Investing.com - Here’s a look at three things that were under the radar this past week.
1. The Canary in the Housing Coalmine
It was a tough week for the housing market.
December housing starts plunged more than 11% to a level not seen since September 2016, according to a government report released this week.
The S&P Case-Shiller home price index rose less than expected, while Home Depot (NYSE:HD) missed on profit expectations and forecast slowing sales.
But investors may have missed an even more ominous sign. The Economic Cycle Research Institute said this week its leading measure of home prices -- which it says “nailed” the 2006 housing bust in real time -- indicates now “there is a real risk prices will actually fall.”
The “downturn was already quite dramatic (in October), and since then it has fallen off a cliff,” the ECRI said. “If home prices do fall nationally -- joining recent drops on the west coast and a handful of other states -- the ramifications for the economy at large could be serious.”
2. Delinquent Farm Loans at 9-Year High
As the stock market hangs on every word about the U.S.-China trade war, the impact of the battle is surfacing in the U.S. economy.
The latest figures from the Agriculture Department’s Farm Service Agency (FSA) -- a lender of last resort to riskier agricultural borrowers -- showed the delinquency for FSA direct loans rose to 19.4% in January from 16.5% a year earlier. That's the highest default rate in at least eight years.
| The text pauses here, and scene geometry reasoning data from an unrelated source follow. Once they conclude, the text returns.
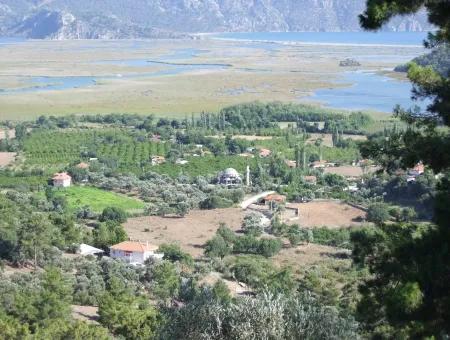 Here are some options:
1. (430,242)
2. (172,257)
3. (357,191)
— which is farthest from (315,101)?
(430,242)

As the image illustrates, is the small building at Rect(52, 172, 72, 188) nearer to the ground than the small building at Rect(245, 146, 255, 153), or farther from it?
farther from it

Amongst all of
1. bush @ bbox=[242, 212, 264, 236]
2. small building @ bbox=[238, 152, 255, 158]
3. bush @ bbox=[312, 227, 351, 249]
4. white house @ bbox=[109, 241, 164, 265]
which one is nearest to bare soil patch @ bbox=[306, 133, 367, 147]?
small building @ bbox=[238, 152, 255, 158]

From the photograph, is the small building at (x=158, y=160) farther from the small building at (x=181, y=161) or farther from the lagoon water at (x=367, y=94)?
the lagoon water at (x=367, y=94)

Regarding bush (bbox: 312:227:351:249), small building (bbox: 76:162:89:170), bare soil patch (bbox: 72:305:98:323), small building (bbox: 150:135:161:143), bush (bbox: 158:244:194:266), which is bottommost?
small building (bbox: 150:135:161:143)

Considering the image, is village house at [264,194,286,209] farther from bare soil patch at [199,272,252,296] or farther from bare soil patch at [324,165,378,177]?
bare soil patch at [199,272,252,296]

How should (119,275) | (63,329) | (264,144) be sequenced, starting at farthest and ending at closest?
1. (264,144)
2. (119,275)
3. (63,329)

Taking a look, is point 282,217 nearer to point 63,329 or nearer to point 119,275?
point 119,275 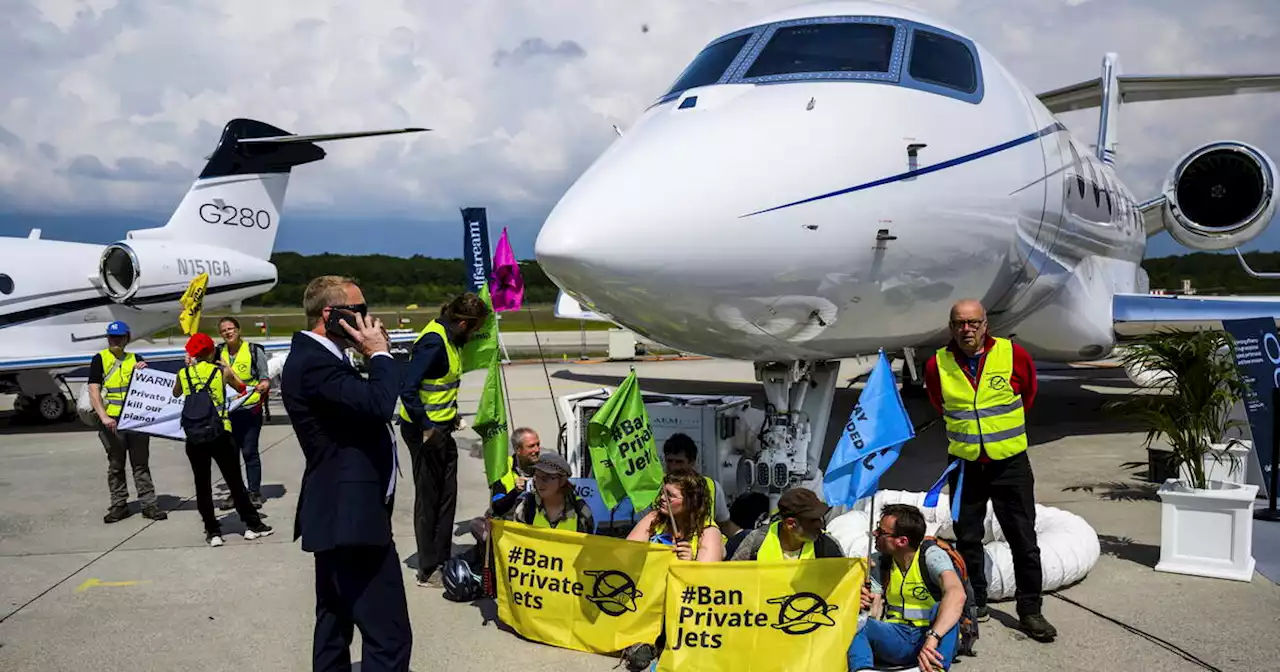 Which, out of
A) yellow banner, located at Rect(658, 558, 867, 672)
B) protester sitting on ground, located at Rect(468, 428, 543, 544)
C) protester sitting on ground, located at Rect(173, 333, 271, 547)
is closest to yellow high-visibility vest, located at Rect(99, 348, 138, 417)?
protester sitting on ground, located at Rect(173, 333, 271, 547)

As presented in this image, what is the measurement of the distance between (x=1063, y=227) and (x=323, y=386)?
6276mm

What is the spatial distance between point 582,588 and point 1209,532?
389cm

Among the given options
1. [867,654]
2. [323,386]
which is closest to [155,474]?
[323,386]

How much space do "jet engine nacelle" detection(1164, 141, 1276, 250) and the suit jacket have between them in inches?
541

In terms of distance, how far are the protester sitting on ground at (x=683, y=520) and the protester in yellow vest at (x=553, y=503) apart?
0.38 meters

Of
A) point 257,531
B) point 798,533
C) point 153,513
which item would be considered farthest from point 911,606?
point 153,513

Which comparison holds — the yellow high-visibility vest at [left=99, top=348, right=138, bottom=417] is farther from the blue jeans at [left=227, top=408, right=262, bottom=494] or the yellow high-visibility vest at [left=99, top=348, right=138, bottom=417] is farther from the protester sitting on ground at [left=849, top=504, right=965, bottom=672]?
the protester sitting on ground at [left=849, top=504, right=965, bottom=672]

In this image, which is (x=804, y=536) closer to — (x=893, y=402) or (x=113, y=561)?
(x=893, y=402)

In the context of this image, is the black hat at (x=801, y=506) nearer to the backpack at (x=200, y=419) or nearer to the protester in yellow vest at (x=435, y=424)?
the protester in yellow vest at (x=435, y=424)

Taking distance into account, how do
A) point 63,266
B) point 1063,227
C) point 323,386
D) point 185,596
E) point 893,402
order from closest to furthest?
1. point 323,386
2. point 893,402
3. point 185,596
4. point 1063,227
5. point 63,266

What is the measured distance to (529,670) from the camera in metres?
4.60

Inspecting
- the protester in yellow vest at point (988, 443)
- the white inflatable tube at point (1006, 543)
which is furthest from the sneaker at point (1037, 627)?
the white inflatable tube at point (1006, 543)

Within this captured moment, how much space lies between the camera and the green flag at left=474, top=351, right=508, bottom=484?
603 cm

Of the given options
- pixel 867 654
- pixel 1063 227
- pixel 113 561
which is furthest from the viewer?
pixel 1063 227
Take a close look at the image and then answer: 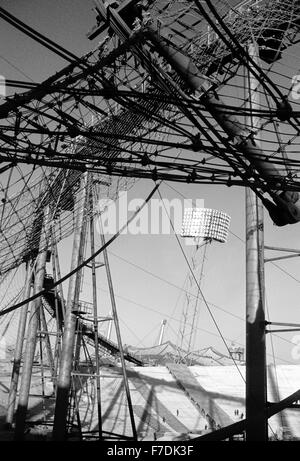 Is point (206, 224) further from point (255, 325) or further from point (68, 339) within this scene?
point (255, 325)

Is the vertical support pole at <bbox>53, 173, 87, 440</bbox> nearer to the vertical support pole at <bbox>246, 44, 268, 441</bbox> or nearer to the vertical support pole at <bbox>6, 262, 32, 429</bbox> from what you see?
the vertical support pole at <bbox>246, 44, 268, 441</bbox>

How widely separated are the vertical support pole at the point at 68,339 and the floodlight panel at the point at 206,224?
41897 mm

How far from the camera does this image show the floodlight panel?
54188mm

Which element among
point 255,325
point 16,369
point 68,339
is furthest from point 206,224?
point 255,325

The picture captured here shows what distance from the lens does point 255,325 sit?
7.06 metres

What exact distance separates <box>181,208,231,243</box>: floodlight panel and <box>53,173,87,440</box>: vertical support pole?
41897 mm

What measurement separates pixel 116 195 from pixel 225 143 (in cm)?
697

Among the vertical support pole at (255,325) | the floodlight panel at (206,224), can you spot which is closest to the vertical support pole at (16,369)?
the vertical support pole at (255,325)

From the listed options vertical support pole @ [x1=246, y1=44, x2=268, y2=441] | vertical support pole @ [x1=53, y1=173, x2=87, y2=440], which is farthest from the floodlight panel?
vertical support pole @ [x1=246, y1=44, x2=268, y2=441]

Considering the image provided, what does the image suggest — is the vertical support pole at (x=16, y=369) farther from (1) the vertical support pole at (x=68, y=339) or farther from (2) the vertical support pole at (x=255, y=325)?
(2) the vertical support pole at (x=255, y=325)

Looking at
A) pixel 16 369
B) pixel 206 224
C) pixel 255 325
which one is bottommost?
pixel 16 369

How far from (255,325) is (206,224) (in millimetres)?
47976

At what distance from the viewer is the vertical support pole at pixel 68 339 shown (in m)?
10.9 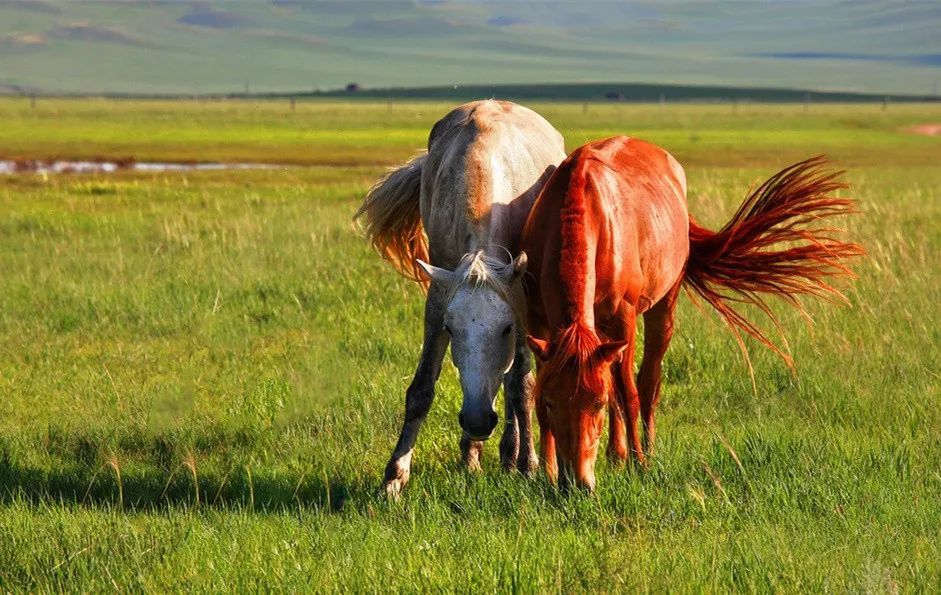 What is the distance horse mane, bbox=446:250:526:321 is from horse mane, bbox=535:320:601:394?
26.4 inches

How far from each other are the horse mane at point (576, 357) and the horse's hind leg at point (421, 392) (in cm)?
138

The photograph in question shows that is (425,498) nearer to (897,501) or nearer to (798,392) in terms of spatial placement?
(897,501)

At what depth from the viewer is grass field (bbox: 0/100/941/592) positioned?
4.93 metres

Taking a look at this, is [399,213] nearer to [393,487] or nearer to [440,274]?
[440,274]

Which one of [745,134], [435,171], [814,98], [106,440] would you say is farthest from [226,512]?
[814,98]

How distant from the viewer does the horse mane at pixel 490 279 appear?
5.80m

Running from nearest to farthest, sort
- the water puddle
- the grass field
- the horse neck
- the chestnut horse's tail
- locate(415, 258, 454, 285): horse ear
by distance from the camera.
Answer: the grass field
the horse neck
locate(415, 258, 454, 285): horse ear
the chestnut horse's tail
the water puddle

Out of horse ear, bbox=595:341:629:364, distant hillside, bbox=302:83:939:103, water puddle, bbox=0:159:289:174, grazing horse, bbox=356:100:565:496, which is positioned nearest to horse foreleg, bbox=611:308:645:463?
grazing horse, bbox=356:100:565:496

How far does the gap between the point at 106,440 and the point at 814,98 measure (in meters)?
160

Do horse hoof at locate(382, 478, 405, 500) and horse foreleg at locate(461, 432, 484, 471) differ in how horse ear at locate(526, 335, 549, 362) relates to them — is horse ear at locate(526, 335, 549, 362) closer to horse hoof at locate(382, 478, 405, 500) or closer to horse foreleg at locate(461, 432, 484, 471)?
horse hoof at locate(382, 478, 405, 500)

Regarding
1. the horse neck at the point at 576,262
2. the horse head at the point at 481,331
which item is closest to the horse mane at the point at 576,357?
the horse neck at the point at 576,262

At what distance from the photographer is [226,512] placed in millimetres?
5797

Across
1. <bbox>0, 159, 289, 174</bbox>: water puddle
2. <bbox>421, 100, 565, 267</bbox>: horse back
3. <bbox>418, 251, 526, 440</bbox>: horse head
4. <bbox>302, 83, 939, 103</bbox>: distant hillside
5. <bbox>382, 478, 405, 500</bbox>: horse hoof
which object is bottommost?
<bbox>302, 83, 939, 103</bbox>: distant hillside

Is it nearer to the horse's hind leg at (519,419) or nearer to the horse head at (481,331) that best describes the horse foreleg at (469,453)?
the horse's hind leg at (519,419) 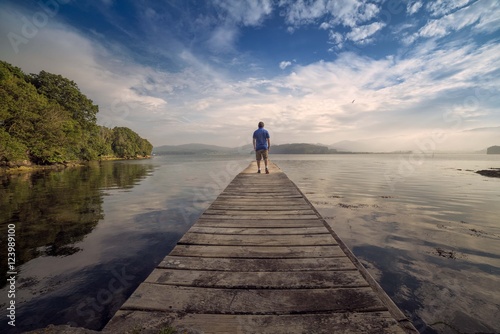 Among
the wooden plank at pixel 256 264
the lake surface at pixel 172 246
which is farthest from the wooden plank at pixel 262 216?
the wooden plank at pixel 256 264

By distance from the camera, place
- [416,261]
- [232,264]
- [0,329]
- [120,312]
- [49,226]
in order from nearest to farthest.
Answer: [120,312] < [232,264] < [0,329] < [416,261] < [49,226]

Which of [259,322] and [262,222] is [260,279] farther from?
[262,222]

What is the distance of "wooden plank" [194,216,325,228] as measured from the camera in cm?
423

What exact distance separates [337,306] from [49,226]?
8.72m

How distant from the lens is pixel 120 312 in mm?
1785

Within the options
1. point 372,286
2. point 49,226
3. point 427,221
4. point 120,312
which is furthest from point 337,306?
point 49,226

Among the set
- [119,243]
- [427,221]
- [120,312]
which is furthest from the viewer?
[427,221]

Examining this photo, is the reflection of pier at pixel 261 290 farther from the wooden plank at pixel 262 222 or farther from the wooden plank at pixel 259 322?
the wooden plank at pixel 262 222

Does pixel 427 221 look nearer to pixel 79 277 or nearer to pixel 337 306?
pixel 337 306

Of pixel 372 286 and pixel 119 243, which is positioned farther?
pixel 119 243

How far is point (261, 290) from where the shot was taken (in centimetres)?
216

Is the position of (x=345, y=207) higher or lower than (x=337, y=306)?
lower

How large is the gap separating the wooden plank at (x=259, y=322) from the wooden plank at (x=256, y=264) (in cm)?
78

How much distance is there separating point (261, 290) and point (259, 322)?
452mm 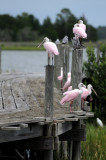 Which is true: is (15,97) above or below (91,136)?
above

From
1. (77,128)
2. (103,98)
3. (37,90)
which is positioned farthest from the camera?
(103,98)

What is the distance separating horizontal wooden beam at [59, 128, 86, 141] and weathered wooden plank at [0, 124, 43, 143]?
5.10 feet

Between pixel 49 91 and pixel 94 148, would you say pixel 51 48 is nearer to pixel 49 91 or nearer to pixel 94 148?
pixel 49 91

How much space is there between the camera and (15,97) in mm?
7895

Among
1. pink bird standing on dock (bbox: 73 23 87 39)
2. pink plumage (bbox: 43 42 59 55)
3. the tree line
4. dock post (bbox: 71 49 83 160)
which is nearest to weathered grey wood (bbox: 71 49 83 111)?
dock post (bbox: 71 49 83 160)

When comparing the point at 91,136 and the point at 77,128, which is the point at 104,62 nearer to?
the point at 91,136

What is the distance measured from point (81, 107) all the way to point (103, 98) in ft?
19.4

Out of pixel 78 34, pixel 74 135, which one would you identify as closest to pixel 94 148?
pixel 74 135

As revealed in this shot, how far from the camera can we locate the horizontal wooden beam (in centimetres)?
771

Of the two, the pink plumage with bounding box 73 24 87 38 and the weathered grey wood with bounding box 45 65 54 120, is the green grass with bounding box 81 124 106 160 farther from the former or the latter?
the weathered grey wood with bounding box 45 65 54 120

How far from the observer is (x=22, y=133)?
5957mm

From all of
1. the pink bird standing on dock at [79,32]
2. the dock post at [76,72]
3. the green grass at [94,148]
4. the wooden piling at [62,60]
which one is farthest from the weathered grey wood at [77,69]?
the wooden piling at [62,60]

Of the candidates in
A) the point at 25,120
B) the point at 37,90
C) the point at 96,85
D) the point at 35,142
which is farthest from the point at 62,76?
the point at 96,85

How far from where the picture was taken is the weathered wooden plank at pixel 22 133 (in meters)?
5.67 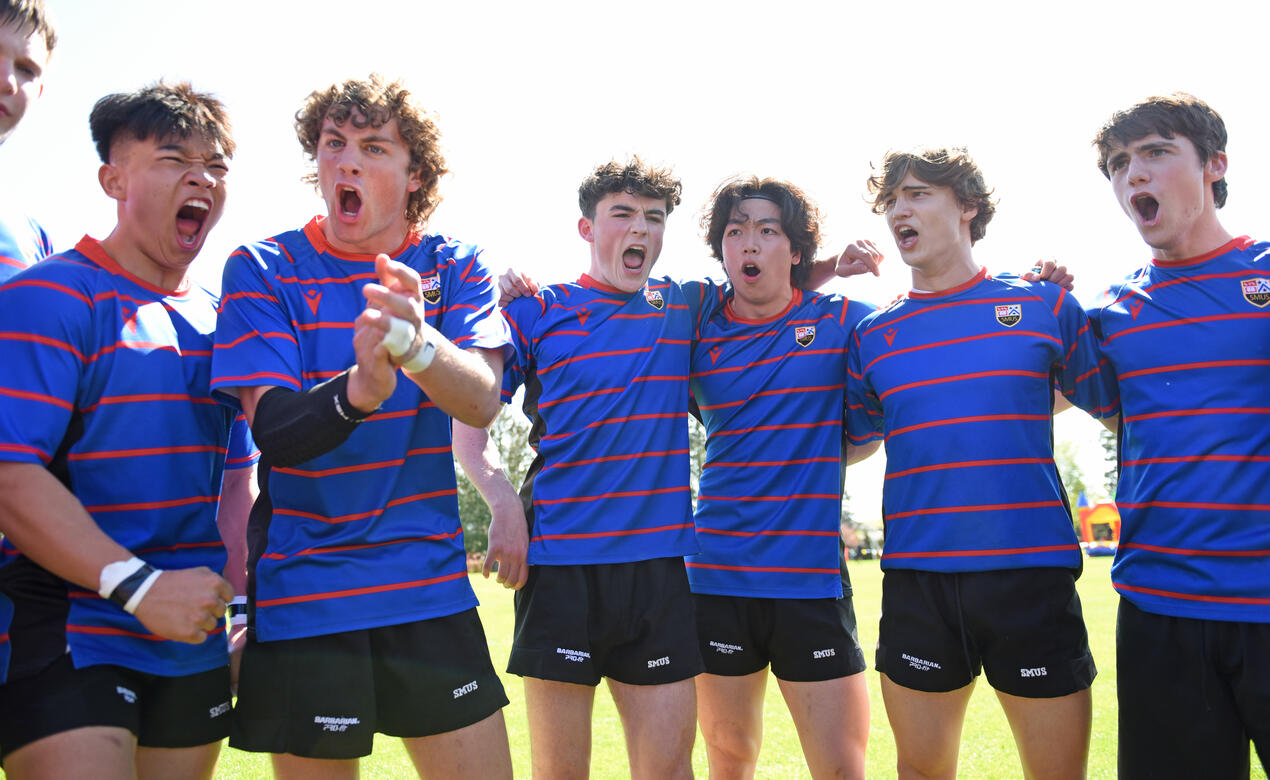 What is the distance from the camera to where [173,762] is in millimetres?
2896

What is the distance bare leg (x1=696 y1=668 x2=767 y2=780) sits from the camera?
4.43 m

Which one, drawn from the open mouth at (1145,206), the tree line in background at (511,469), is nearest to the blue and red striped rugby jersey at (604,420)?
the open mouth at (1145,206)

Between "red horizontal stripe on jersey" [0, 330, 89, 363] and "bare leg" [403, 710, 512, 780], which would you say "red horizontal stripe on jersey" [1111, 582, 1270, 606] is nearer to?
"bare leg" [403, 710, 512, 780]

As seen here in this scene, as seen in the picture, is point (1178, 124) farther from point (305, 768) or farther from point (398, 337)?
point (305, 768)

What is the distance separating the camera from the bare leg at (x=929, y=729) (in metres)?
3.89

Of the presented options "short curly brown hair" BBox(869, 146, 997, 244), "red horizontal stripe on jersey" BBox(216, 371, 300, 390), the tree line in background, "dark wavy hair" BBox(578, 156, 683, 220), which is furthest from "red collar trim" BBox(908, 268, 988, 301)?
the tree line in background

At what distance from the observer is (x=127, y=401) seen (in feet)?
9.58

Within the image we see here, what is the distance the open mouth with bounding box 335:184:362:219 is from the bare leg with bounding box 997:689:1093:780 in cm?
320

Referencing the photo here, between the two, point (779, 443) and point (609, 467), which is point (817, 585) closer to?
point (779, 443)

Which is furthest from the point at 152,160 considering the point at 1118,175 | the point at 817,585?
the point at 1118,175

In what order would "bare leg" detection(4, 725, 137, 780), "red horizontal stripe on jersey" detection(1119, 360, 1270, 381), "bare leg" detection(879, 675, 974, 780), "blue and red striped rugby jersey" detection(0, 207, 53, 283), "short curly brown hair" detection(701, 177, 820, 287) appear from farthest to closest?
"short curly brown hair" detection(701, 177, 820, 287) → "bare leg" detection(879, 675, 974, 780) → "red horizontal stripe on jersey" detection(1119, 360, 1270, 381) → "blue and red striped rugby jersey" detection(0, 207, 53, 283) → "bare leg" detection(4, 725, 137, 780)

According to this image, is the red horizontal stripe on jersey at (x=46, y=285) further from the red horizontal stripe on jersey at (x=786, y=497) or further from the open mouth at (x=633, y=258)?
the red horizontal stripe on jersey at (x=786, y=497)

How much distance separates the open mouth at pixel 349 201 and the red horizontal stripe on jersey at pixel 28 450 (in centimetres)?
119

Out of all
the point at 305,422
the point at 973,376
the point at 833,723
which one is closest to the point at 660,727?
the point at 833,723
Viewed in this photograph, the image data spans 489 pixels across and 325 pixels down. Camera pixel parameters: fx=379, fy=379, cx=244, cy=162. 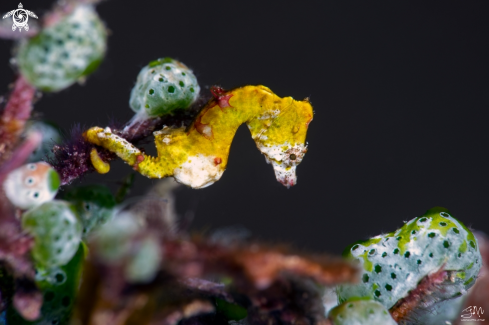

At the heart of the problem is falling crop prices. President Donald Trump's trade war with China has not been the root of the demise, but it has accelerated the decline.
U.S. farmers, considered a Trump political stronghold, found themselves in China's crosshairs as the trade war intensified last year.
Exports to China have fallen more than 90% in the 2018-2019 crop year, according to USDA data, prompting more famers to turn to banks for financial lifelines in the form of short-term loans and debt refinancing.
The amount of debt held by America’s farmers has risen to $409 billion from $385 billion last year, levels not seen since the 1980s, U.S. Agriculture Secretary Sonny Perdue said on Wednesday.
But many have suggested that steady farmland real estate prices remain the key to keeping farmer debt-to-asset levels managable, warning that a drop in land prices would push more farmers to the brink of bankruptcy.
So far, there's little to a suggest such a decline.
“You still see high-quality farmland selling for higher prices ... Just like the farm bankruptcies, (the) farmland price story is similar: Some states have seen an increase, some see a decrease,” USDA Chief Economist Robert Johansson said.
3. Mall Shoppers Cutting Back on Burgers
The death of the American shopping mall has been almost an annual prediction in the financial markets and the theory has only gained momentum in the face of increasing dominance by Amazon (NASDAQ:AMZN).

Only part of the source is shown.